O presidente Lula vai subir o tom sobre segurança pública no programa eleitoral que será exibido na noite de sábado (12/9), na TV aberta e no rádio.
A peça associa o enfrentamento desses grupos à PEC da Segurança, aprovada na CCJ do Senado e ainda pendente de votação em plenário.
No vídeo, a campanha aponta quatro “inimigos”: traficantes, agressores de mulheres, ladrões de celular e os chamados “magnatas do crime”.
A propaganda apresenta quatro frentes: reforço da inteligência nas ações de segurança; ampliação do programa Celular Seguro; transformar 138 presídios estaduais em unidades com padrão federal de segurança máxima; e retomar territórios ocupados pelo crime.
Outra frente é o combate ao financiamento das facções, com ampliação de operações contra lideranças do crime organizado e pessoas infiltradas “na política e na Faria Lima”, com foco em seguir o caminho do dinheiro.
O programa também compara gestões e afirma que os homicídios caíram 20% na gestão Lula em relação ao período de Jair Bolsonaro, e vincula segurança a investimento em educação para jovens.

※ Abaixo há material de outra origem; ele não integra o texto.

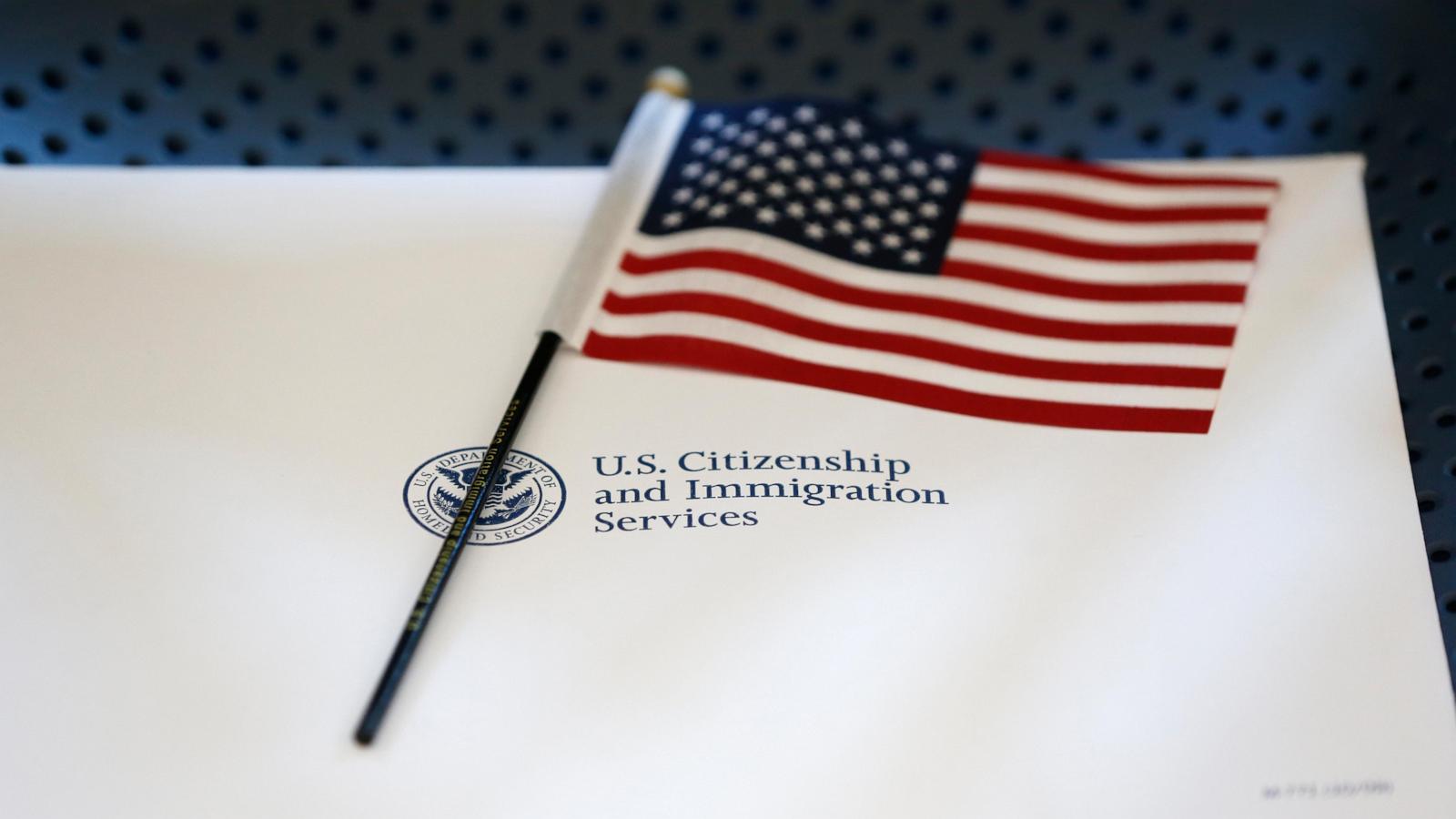 Attorneys sue to restore deportation protections for abused and neglected migrant children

"Vamos livrar o Brasil da violência, do agressor de mulher, do ladrão que rouba na rua, do traficante que manda no seu bairro", diz Lula no trecho do vídeo, acrescentando que o combate deve ir "da esquina ao andar de cima".

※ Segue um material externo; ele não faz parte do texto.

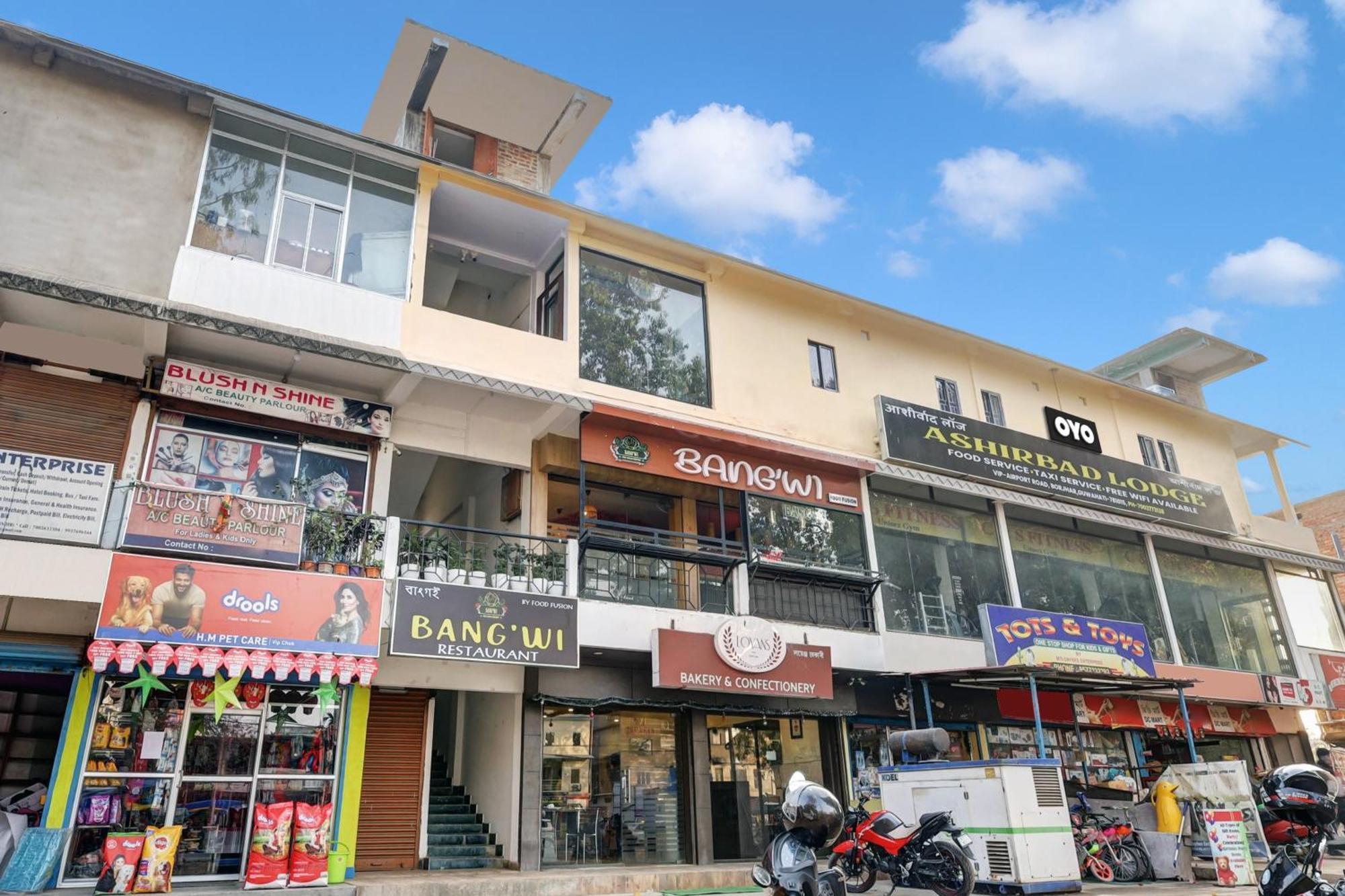 Collection O Ashirbad Lodge Guwahati Ngoại thất bức ảnh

A peça reflete realinhamento da estratégia eleitoral do PT após críticas internas, com orientação para mensagens mais assertivas, propostas concretas e maior presença de Lula nas redes; o programa de segurança incorpora essa nova orientação.

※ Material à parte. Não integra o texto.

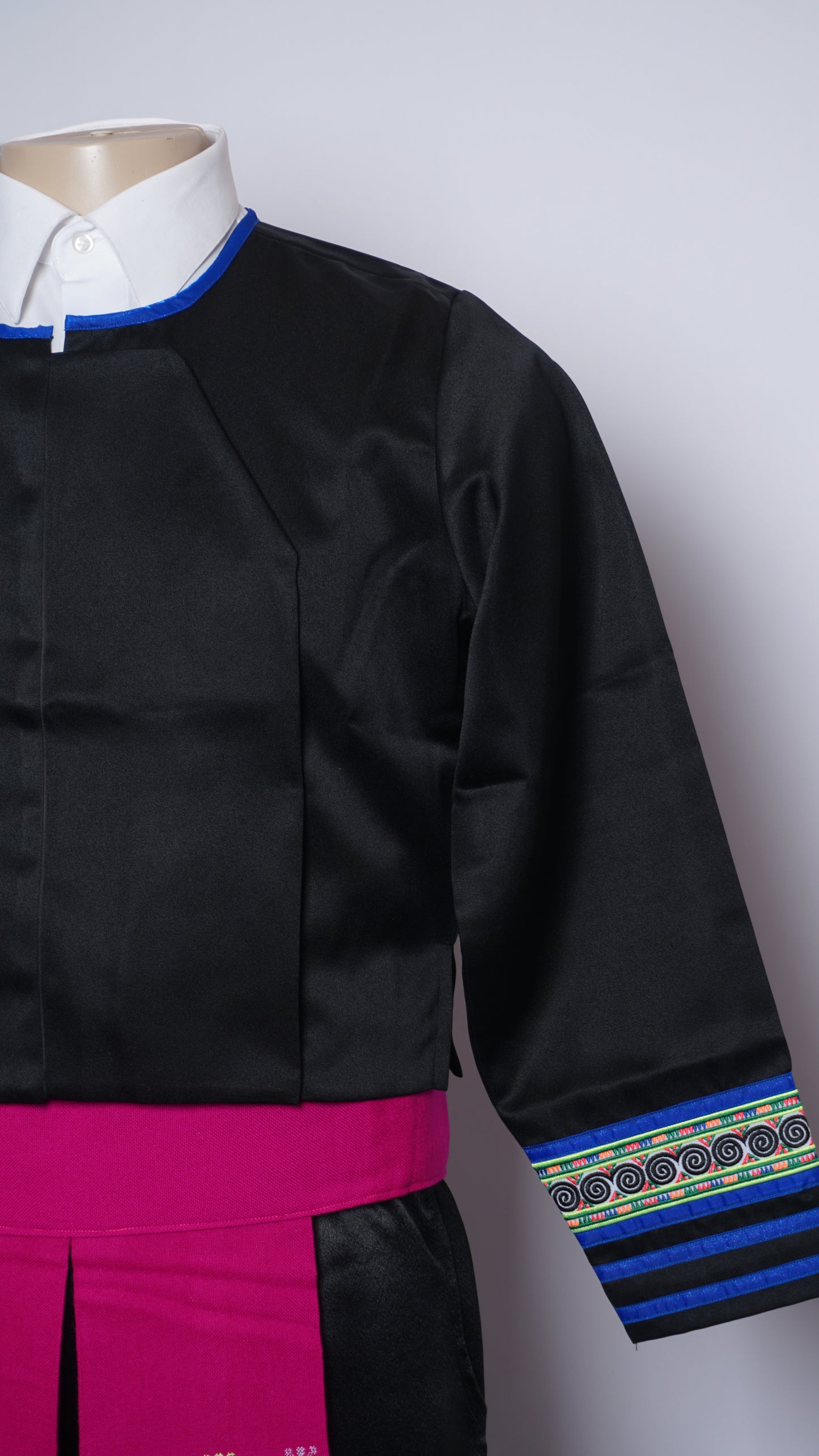Men Hmong Txaij Set- Black Qwj (44")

138 presídios — unidades estaduais a serem adaptadas ao padrão federal de segurança máxima
20% — queda alegada nos homicídios na gestão Lula em relação ao período Bolsonaro
O programa vai ao ar na noite de sábado (12/9), no horário da propaganda eleitoral gratuita na TV e no rádio, e a PEC da Segurança ainda precisa ser votada em plenário do Senado.